Naval Air Station Wildwood Aviation Museum
500 Forrestal Road
Cape May Airport
Rio Grande, NJ 08242
Open: Sunday-Saturday 10:00am-4:00pm
My review on TripAdvisor:
The Naval Air Station Wildwood Aviation Museum is located at the back of the Cape May Airport. Just follow the road to the back of the airport at 500 Forrestal Road in Hangar #1.
This interesting museum is a treasure trove of artifacts from WWII to today from jeeps to cars and trucks to airplanes. Some of the vehicles you can step into and see what it was like to ride these pieces of aviation history.
There are several airplanes that with the assistance of the staff you can enter and see what air travel was like for these pilots. All the planes have been carefully restored and displayed for viewing and use by tourists. There is even a air traffic control tower you can enter and see how thing the functioning of the tower was done. These displays were interactive from the perspective of the people who once worked there.
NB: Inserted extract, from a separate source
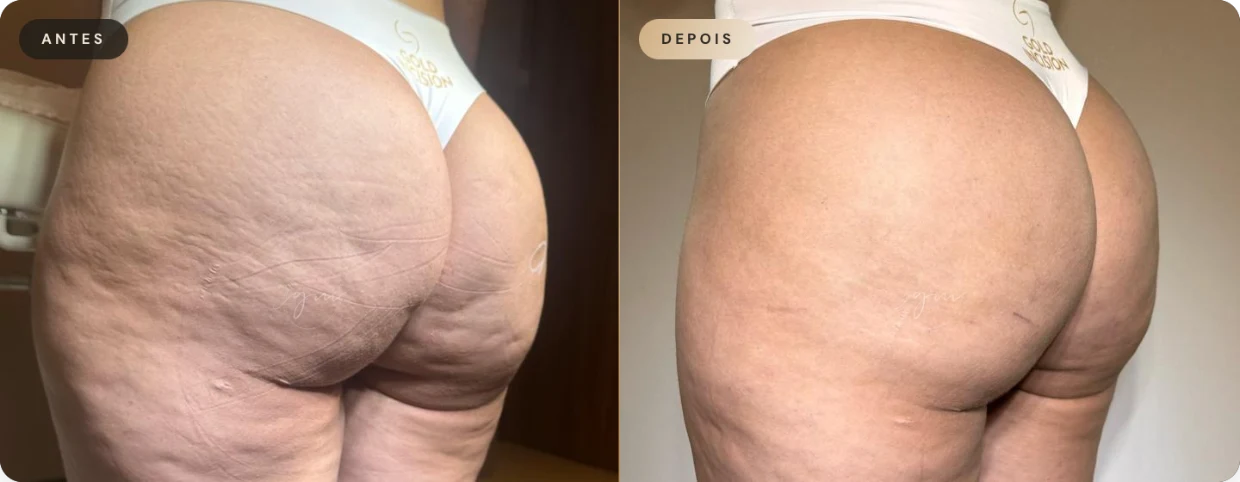 Antes e depois — resultado 02 de paciente da Dra. Gina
In the front of the museum as you enter, along the ways there is a display of the history of the Naval Hangar and how it developed and became part of the community. There were pictures of members walking the boardwalk in Wildwood and having a good time. There were stories of many interactions between the sailors and the locals and what an exciting time it was for everyone.
Many local heroes stories were told all over the building of Navy personal from the area and the part that they played in the war years and when they returned. Each story board told of their early lives, how they got involved in the war, the roles that played and jobs that were accomplished and what their lives were like when they returned. The mindset of this generation is very different than from today.
What I really enjoyed was the documentary “Boatlift”, the story of the 9/11 rescue of thousands of people off Manhattan island on 9/11 (it was around the 20th Anniversary of the event when I toured the museum) and the bravery and involvement of boaters and sailors all over the New York maritime region. Hundreds of boats were involved in getting people to safety to New Jersey and other parts of the NYC. It was a lesson in selflessness and involvement in one of the darkest days of American history.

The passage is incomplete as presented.